But I wanted to have time to stop by the library and pick up a book that's on reserve for me, before they send it back, and I think Lut wants to stop by Costco to get some essentials.
Really, I just want to be less stressed about work. I can't remember the last time I got this tense over my job. What really annoys me about it is that I shouldn't let work bother me. (Is this a vicious cycle? Being annoyed that I'm annoyed? Could be. Better watch that.) Work is probably one of the least important forces in my life. Any one of a dozen friends has the power to hurt me a lot more than my job can -- the worst they can do is fire me. Unemployment doesn't scare me.
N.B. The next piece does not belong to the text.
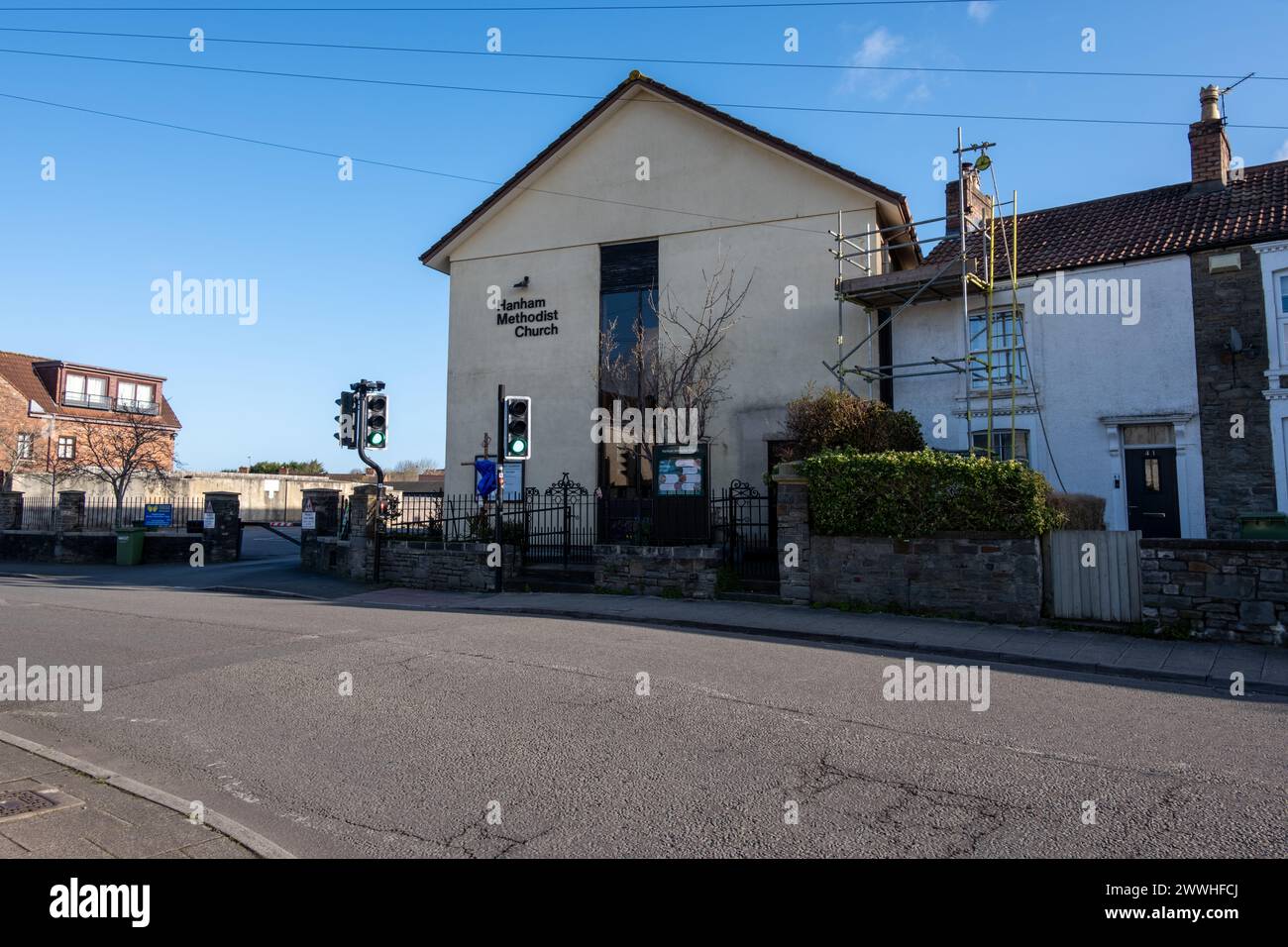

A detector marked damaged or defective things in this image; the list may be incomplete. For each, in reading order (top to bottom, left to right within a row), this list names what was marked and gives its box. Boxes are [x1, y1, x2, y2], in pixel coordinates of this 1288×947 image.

cracked pavement [0, 571, 1276, 860]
I suppose it should, but it doesn't. I have a little savings. I could get by for a couple of years until I got another job, if I had to. In the grand scheme of things, meeting my monthly deadlines on Prophecy is probably more important to me.
And it's not as if the bank would fire me over, well, pretty much anything that I'd actually do. I mean, if I embezzled money or attacked my coworkers, or something of that nature, I'm sure they'd fire me -- but those aren't things I'd do. The worst I'm going to do is get something wrong. Put one of these umpteen loans down on a report for the wrong amount. Forget to update a figure. Little stuff like that. Very little stuff. Or maybe I won't finish a report in time; well, no, I'm only doing these two and they're already roughly done, so the worst I'm going to do is mess up and not have them done right with all the correct final figures in them. I'm sure that will be bad. I'd probably be mildly reproached for it. But ... um. So what? So I'll learn from my mistakes, get more practice at it, and be better next time. No big deal.
So why can't I just relax? Why do I feel wound up tighter than one of Vinnie's ringlets? Ah, well. This too shall pass.